As I previously stated, I’m not talking about noname=yes situations. It is your opinion that the roads I’m talking about are nameless. I don’t agree with this. I don’t doubt that in areas you know well there are roads that locals really do consider nameless and therefore noname=yes is appropriate. However, that is not the case in my area. The main road through the village of Jericho is Vermont Route 15. The street signs through town all say “VT Route 15”.

https://maps.app.goo.gl/VQYKbCwcF8JVJhdU6

If I ask anyone who lives there the name of the road, the answer will be “Route 15”. To capture the full breadth of names this road is referred to by, it could be tagged name=Vermont Route 15, loc_name=Route 15, short_name=VT-15. I’m not going to pretend that the road doesn’t have a name just because that makes things easier for routers to give voice direction. At the same time, I’m not going to challenge your local knowledge when you say these types of roads are nameless in your area. Please afford the same respect to the mappers in my area.

Baloo_Uriza · March 2, 2024, 5:49pm

What’s so special about Vermont that we’re ignoring the global consensus?

ezekielf · March 2, 2024, 5:53pm

I have not seen evidence of a global consensus on this topic.

Minh_Nguyen · March 2, 2024, 6:23pm

These days, many navigation applications are capable of translating the dynamic pieces of information that go into a guidance instruction. For example, “Turn left onto Monterey Highway, State Route Eighty-Two” becomes “Doble a la derecha a Monterey Highway, Ruta Estatal Ochenta y Dos”. Spanish-speaking users appreciate it when the route number and network get translated like that. But note how the street name remains untranslated: the same users still expect the Spanish text-to-speech voice to attempt its best Spanglish for a street name, even a boring, predictable one like “North 24th Street”.
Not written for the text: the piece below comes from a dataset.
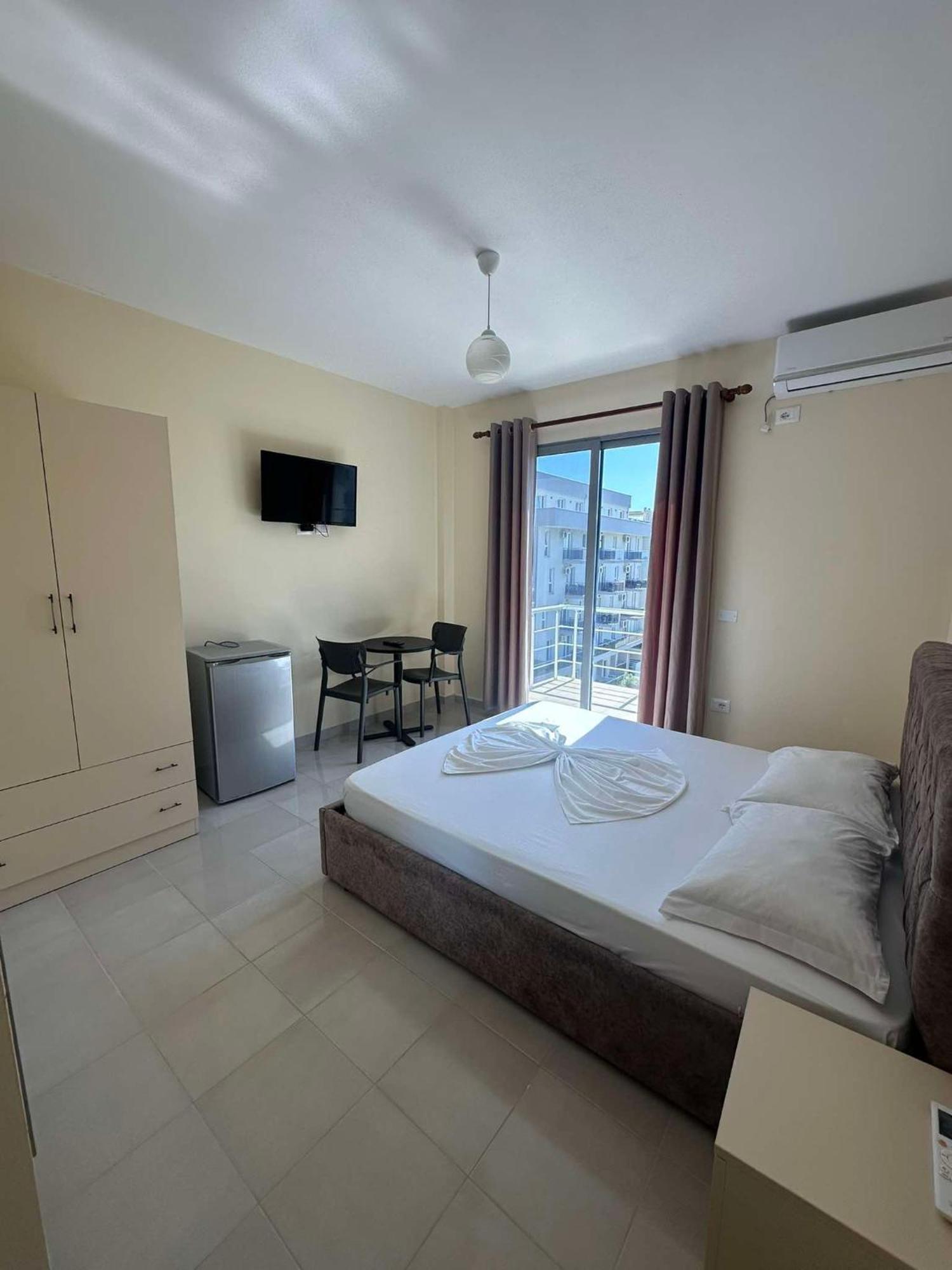 Deor Hotel Shëngjin Eksteriør bilde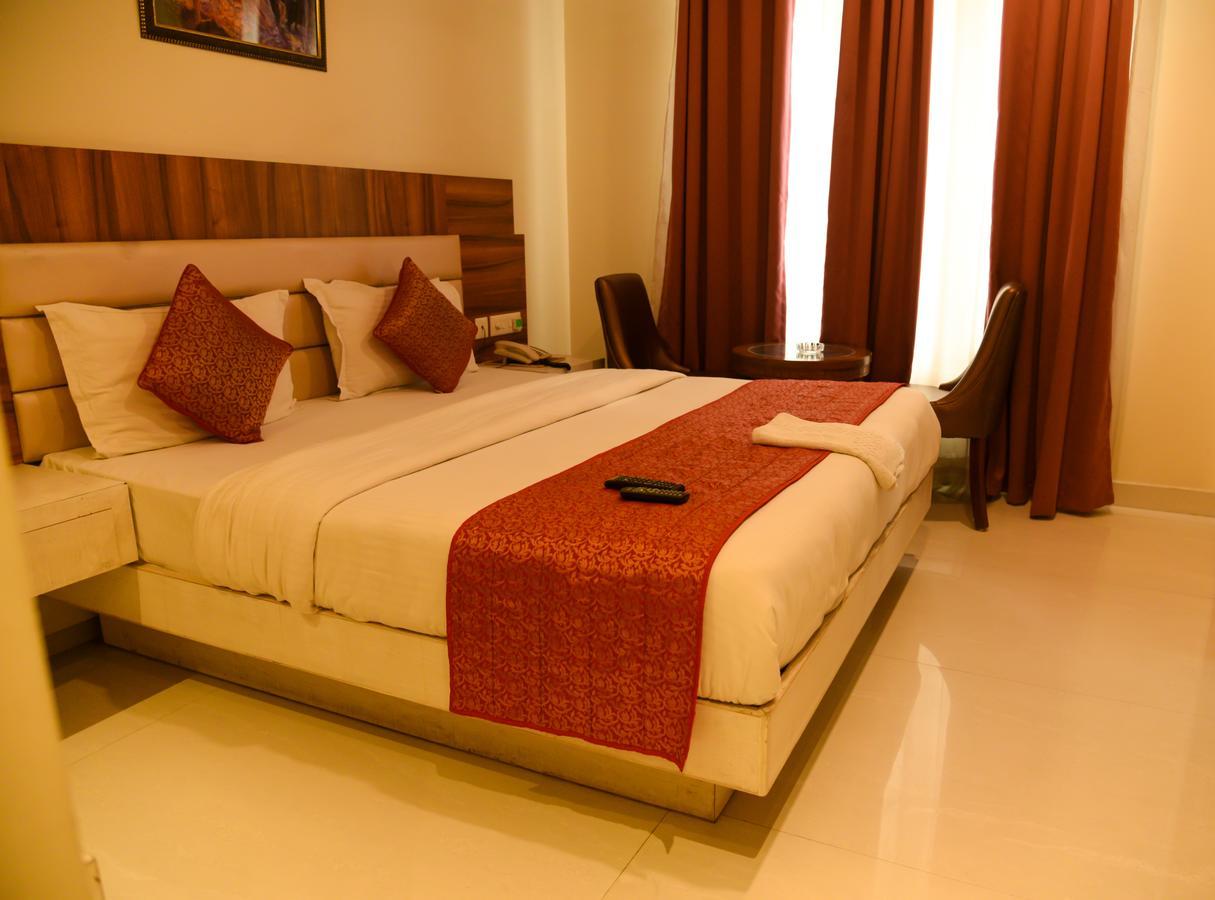 hotel shanti plaza delhi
The user would comprehend “Calle Veinticuatro del Norte” and “Carreterra de Monterrey”, but it would be incredibly pedantic, whereas “Nort Tuentifort Estrit” and “Monterrey Xai-guey”^[1] would be unsurprising. Most off-the-shelf TTS engines are capable of code-switching when embedding an English name verbatim, especially if the SSML markup identifies it as English. Meanwhile, other languages have different norms. If the German Wikipedia is to be believed, it would be simply “State Route 82” in that language.

So as a thought experiment, would the mappers in Vermont object to also tagging name:en, name:es, etc. on each street named after a numbered route? Would it be OK to set name:de equal to name:en?
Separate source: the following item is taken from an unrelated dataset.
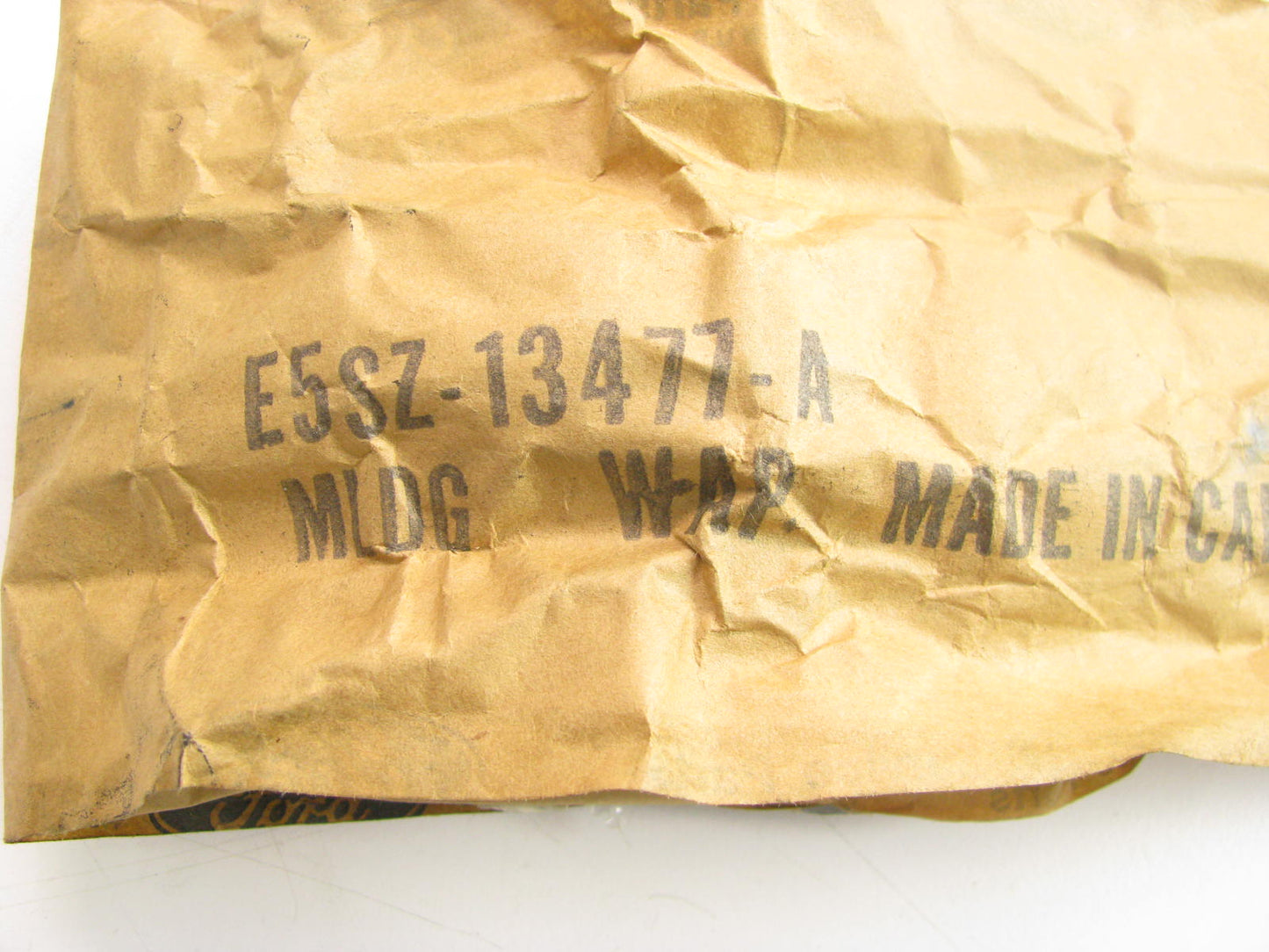 New Genuine OEM NOS Rear Left Tail Light Lamp Moulding 85-86 Cougar Thunderbird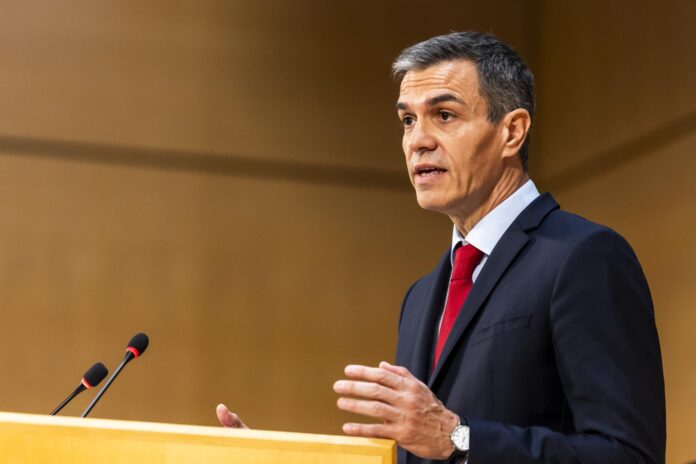 El presidente del Gobierno español, Pedro Sánchez, durante su intervención ante la 79 Asamblea Mundial de la Salud en Ginebra, Suiza, este lunes. EFE/EPA/SALVATORE DI NOLFI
Forgive me for badly mangling the Spanish language here. This is just to illustrate the effect for those unfamiliar with the language. ↩︎

ezekielf · March 2, 2024, 7:20pm

But would they appreciate hearing/reading “Doble a la derecha a Vermont Route Fifteen, Ruta Vermont Quince”? I’d expect that may seem just as redundant in Spanish as “Turn right on Vermont Route Fifteen, Vermont Route Fifteen” sounds in English. If that is the case, wouldn’t the system ideally want to detect that name=Vermont Route 15 is a name based on ref=VT 15 (or network=US:VT + ref=15) and thus redundant to announce? ^[1]

I don’t see a huge problem with this, but I don’t speak for all Vermont mappers. I don’t see how it would help achieve non-redundant voice guidance, though. Maybe that’s not the goal you had in mind?
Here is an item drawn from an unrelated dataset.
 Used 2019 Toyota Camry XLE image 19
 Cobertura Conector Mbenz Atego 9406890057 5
As I mentioned earlier, if this is too hard to detect, another tag could provide this hint ↩︎

Minh_Nguyen · March 2, 2024, 8:14pm

Yes, a router could try to deduplicate any street name/route number combination that includes the same number. It could even merge the two, for the quadrant directional case I mentioned earlier. There’s some precedent for this sort of heuristic: in 2017, OSRM began merging a route relation’s direction into the way ref. For example, if the way is tagged ref=VT 15^[1] and is a member of a unidirectional route relation tagged network=US:VT ref=15 direction=east, an English speaker would hear “vee-tee fifteen east”, a Spanish speaker “ve-te quince este”, a Vietnamese speaker “vê tê mười lăm đông”, etc. Valhalla does the same thing, and in principle a renderer or geocoder could do something similar.

Someone writing a custom OSRM profile could technically have it avoid mentioning the route if the entire value of the route relation’s ref=* tag appears inside name=*. However, this makes some fragile assumptions. I can’t say for sure that a Route 6 will never traverse a 6th Street or Avenue 6 East or Six Flags Parkway. To do this well, the data consumer would need to first synthesize “Vermont Route 6” by looking up network=US:VT in Wikidata or a hard-coded lookup table, then match it against the name=*. All this to detect a non-idiosyncratic name, when maybe it’s the idiosyncratic names that should be tagged specially.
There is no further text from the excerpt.